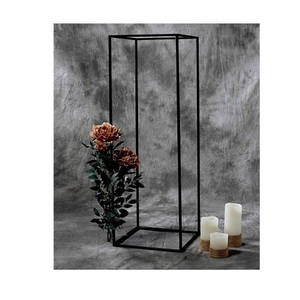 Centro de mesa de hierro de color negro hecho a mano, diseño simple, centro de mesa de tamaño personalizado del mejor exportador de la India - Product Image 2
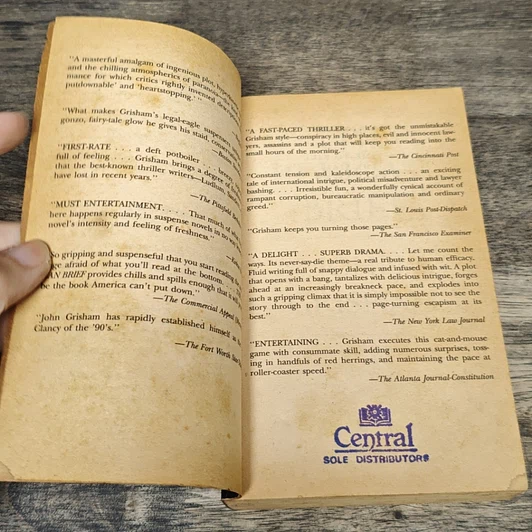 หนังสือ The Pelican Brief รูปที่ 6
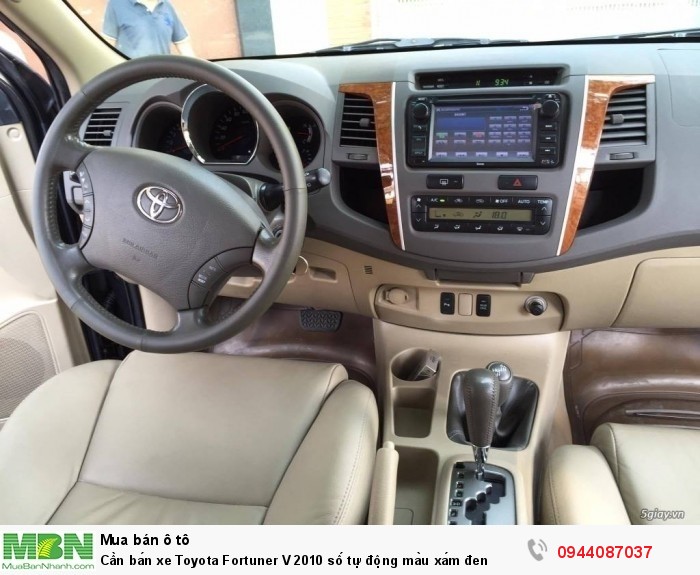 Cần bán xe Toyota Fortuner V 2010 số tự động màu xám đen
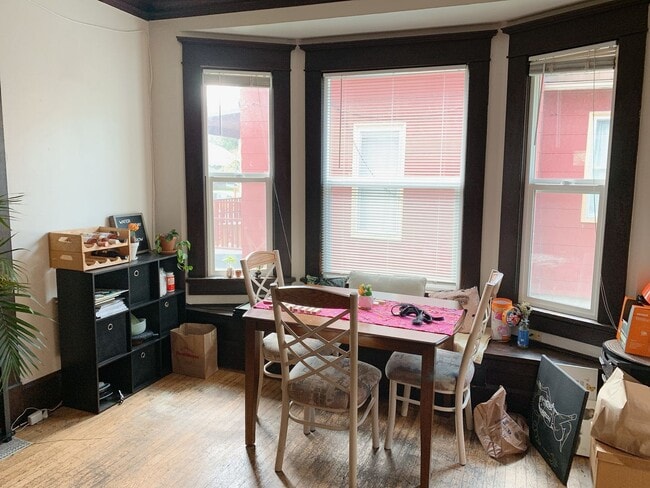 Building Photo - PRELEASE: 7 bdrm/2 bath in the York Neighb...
...
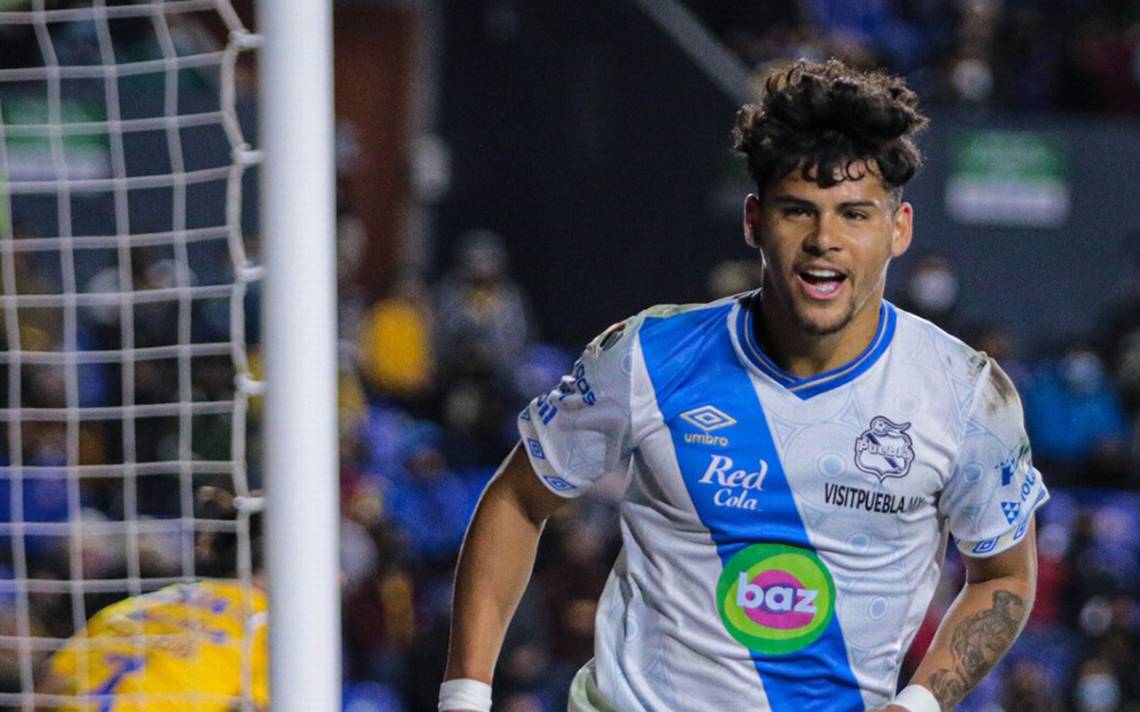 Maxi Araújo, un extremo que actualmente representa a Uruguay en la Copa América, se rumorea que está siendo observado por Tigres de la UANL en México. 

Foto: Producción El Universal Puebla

» Your task: Repeat exactly the lines above, from the line that contains "Centro de mesa de hierro" down through the line that contains "Cần bán xe". Include both of those lines and none of the pictures.

» Task solution:
 Centro de mesa de hierro de color negro hecho a mano, diseño simple, centro de mesa de tamaño personalizado del mejor exportador de la India - Product Image 2
 หนังสือ The Pelican Brief รูปที่ 6
 Cần bán xe Toyota Fortuner V 2010 số tự động màu xám đen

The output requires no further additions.